PROBLEM DETAILS: From the opening line of the records through the line bearing "Decorative ornament with", set down every line exactly.

*** RECORDED INFORMATION ***

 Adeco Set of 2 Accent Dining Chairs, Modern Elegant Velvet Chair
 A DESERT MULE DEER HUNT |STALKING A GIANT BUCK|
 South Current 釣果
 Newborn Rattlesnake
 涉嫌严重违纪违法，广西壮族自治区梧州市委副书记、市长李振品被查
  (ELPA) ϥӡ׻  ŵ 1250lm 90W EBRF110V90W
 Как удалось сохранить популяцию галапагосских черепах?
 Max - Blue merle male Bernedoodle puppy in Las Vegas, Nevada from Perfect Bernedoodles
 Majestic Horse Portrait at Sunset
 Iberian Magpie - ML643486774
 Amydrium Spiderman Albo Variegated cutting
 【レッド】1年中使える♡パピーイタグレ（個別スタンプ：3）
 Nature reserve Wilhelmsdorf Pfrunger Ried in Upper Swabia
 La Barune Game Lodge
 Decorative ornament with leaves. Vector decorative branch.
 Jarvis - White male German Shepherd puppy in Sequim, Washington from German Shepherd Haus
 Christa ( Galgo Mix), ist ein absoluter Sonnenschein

***

REPLY:
 Adeco Set of 2 Accent Dining Chairs, Modern Elegant Velvet Chair
 A DESERT MULE DEER HUNT |STALKING A GIANT BUCK|
 South Current 釣果
 Newborn Rattlesnake
 涉嫌严重违纪违法，广西壮族自治区梧州市委副书记、市长李振品被查
  (ELPA) ϥӡ׻  ŵ 1250lm 90W EBRF110V90W
 Как удалось сохранить популяцию галапагосских черепах?
 Max - Blue merle male Bernedoodle puppy in Las Vegas, Nevada from Perfect Bernedoodles
 Majestic Horse Portrait at Sunset
 Iberian Magpie - ML643486774
 Amydrium Spiderman Albo Variegated cutting
 【レッド】1年中使える♡パピーイタグレ（個別スタンプ：3）
 Nature reserve Wilhelmsdorf Pfrunger Ried in Upper Swabia
 La Barune Game Lodge
 Decorative ornament with leaves. Vector decorative branch.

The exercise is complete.